New subject: Fundamental problem with pessimistic locking

Tuesday, 28 November 2006

So we still haven't discussed my biggest concern here, which is item  
5) below in the list of implications.  Is this performance penalty  
and potential for deadlocks small enough a price to pay for the  
correctness of concurrent access on the root node?  What do people  
think?

...
 From: Manik Surtani [mailto:manik@jboss.org]
 Sent: Monday, November 27, 2006 7:19 PM
 To: Manik Surtani
 Cc: Bela Ban; Ben Wang; Brian Stansberry; Vladimir Blagojevic;  
 Galder Zamarreno
 Subject: Re: Fundamental problem with pessimistic locking

 Ok, this seems to work, making things a lot more 'correct'.  But  
 before I roll this into an official release and start making  
 changes en-masse, porting this to 1.4.x and 2.0.0, I'd like to step  
 back and think about whether this is what we really want.  Here is  
 what I've effectively done with 1.3.0.SP4, all related to  
 pessimistic locking only:

 a)  Added a mechanism for not removing nodes when remove() is  
 called, and instead storing them in a map which can be referenced  
 by concurrent threads and locks attempted.  (Mutated version of  
 Brian's original fix to JBCACHE-871)
 b)  When locking nodes in PLI.lock(), added a mechanism to obtain a  
 WL on a node if the next node after it needs to be created or  
 removed.  (JBCACHE-875)
 c)  Modified PLI.lock() to start with Fqn.ROOT rather than Fqn.get 
 (0), which applies the same cache-wide locking behaviour to the  
 root as well.  Prior to this, the root never was locked for anything.

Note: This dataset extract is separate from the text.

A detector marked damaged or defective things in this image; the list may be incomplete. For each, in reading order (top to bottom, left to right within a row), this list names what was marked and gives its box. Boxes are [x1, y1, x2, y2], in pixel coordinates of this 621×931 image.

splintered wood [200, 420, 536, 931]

 The implications of these, for the sake of accuracy and  
 correctness, are possibly:

 1)  Performance impact on inspecting nodes in b) to decide on  
 whether WLs are needed
 2)  Memory impact on maintaining a map of removed nodes in a)
 3)  Reduced concurrency due to overall stronger locks in b)
 4)  Much reduced concurrency because of the locking in c)
 5)  Potential of more deadlocks/timeouts because of 3) and 4) above.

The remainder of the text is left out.